FORT HOOD, Texas (AP) — Maj. Nidal Hasan was convicted Friday in the 2009 shooting rampage at Fort Hood, an attack that killed 13 people and wounded more than 30 others. Here is a look at some key details from the trial:
WHAT CHARGES DID HASAN FACE?
Hasan was convicted of 13 specifications of premeditated murder and 32 specifications of attempted premeditated murder under the Uniform Code of Military Justice. He is eligible for the death penalty.
WHY DID THE CASE TAKE SO LONG TO GET TO TRIAL?

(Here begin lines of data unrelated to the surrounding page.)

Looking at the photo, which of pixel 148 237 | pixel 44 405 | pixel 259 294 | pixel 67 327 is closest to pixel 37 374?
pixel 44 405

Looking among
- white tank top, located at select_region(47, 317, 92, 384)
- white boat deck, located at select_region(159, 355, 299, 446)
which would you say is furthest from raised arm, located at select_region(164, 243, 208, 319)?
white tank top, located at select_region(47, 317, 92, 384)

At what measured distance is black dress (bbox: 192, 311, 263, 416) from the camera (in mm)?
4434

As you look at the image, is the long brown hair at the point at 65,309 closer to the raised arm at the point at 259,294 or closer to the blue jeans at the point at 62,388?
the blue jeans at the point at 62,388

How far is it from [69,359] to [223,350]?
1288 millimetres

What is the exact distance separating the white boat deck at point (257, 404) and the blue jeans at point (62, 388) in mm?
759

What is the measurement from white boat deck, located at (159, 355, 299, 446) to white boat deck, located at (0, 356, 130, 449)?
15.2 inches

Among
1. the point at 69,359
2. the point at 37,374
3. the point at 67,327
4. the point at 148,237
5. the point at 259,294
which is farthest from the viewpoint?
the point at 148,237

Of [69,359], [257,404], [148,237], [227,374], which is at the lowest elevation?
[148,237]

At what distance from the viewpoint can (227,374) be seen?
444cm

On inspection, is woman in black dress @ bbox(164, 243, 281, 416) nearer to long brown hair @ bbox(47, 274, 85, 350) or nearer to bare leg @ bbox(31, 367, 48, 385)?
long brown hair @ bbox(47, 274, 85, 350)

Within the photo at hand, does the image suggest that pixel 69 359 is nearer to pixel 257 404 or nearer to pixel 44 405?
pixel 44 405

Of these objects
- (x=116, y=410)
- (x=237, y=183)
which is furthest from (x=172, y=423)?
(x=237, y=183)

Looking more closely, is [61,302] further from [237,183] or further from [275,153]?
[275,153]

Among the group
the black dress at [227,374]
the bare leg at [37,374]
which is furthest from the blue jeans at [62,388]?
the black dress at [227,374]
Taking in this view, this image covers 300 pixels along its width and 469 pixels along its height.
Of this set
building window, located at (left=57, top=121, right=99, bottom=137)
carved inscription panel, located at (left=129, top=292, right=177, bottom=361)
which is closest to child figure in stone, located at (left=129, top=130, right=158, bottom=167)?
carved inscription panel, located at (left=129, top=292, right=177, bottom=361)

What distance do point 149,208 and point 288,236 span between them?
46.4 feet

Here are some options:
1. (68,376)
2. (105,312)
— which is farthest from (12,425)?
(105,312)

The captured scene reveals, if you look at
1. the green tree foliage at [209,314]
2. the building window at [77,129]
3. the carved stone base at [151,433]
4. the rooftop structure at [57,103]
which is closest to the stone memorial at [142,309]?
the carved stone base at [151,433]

Judges in the case granted a series of delays for preparation or other issues, often at the request of Hasan or his attorneys. A fight over Hasan's beard, which violates military regulations, led to a reprieve shortly before the trial was expected to begin last year and the eventual replacement of the judge. Legal experts have said authorities are doing their best to avoid mistakes, noting that Hasan would have multiple mandatory appeals if he's found guilty of murder and sentenced to death. Military appeals courts have overturned most death sentences they've seen in the last three decades.

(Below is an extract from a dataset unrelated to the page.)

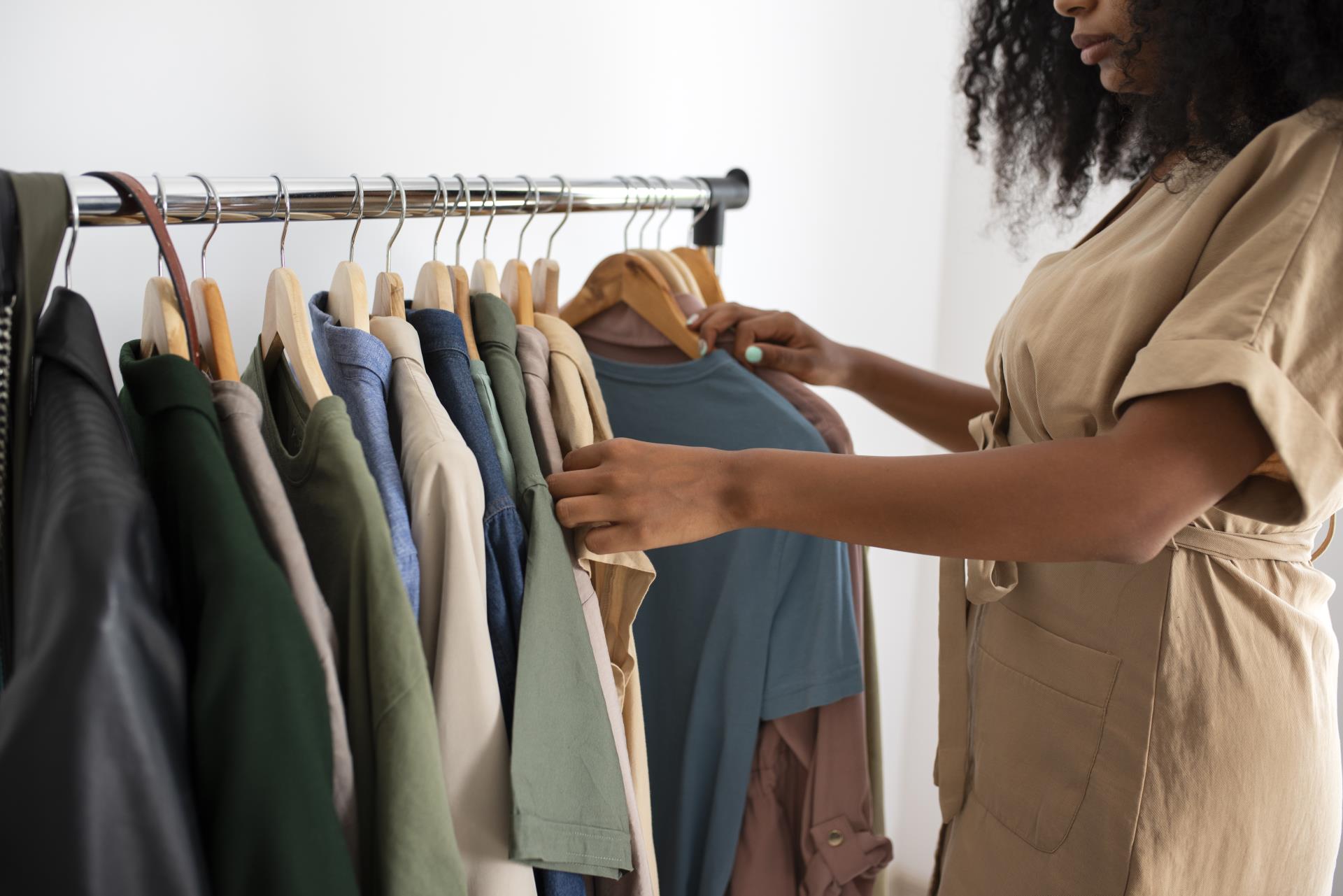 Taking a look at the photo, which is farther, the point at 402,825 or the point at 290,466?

WHAT DID VICTIMS SAY AT TRIAL?
Witnesses built a gory, detailed picture about what happened inside Fort Hood the afternoon of Nov. 5, 2009. They said a gunman shouted "Allahu akbar!" — Arabic for "God is great!" — before opening fire on unarmed soldiers, many of whom were getting ready to deploy to Afghanistan. A nurse working at the center, Ted Coukoulis, recalled people trying to save wounded soldiers who were dead or quickly bleeding to death. "I don't know how much blood I swallowed that day," he told jurors. Many soldiers thought the gunfire was a training exercise, and some didn't realize it was an attack until they were hit by bullets. Others recalled hearing a wounded soldier cry out, "My baby!" One of the soldiers who was killed, Pvt. Franceska Velez, was pregnant.
WHAT DID HASAN SAY?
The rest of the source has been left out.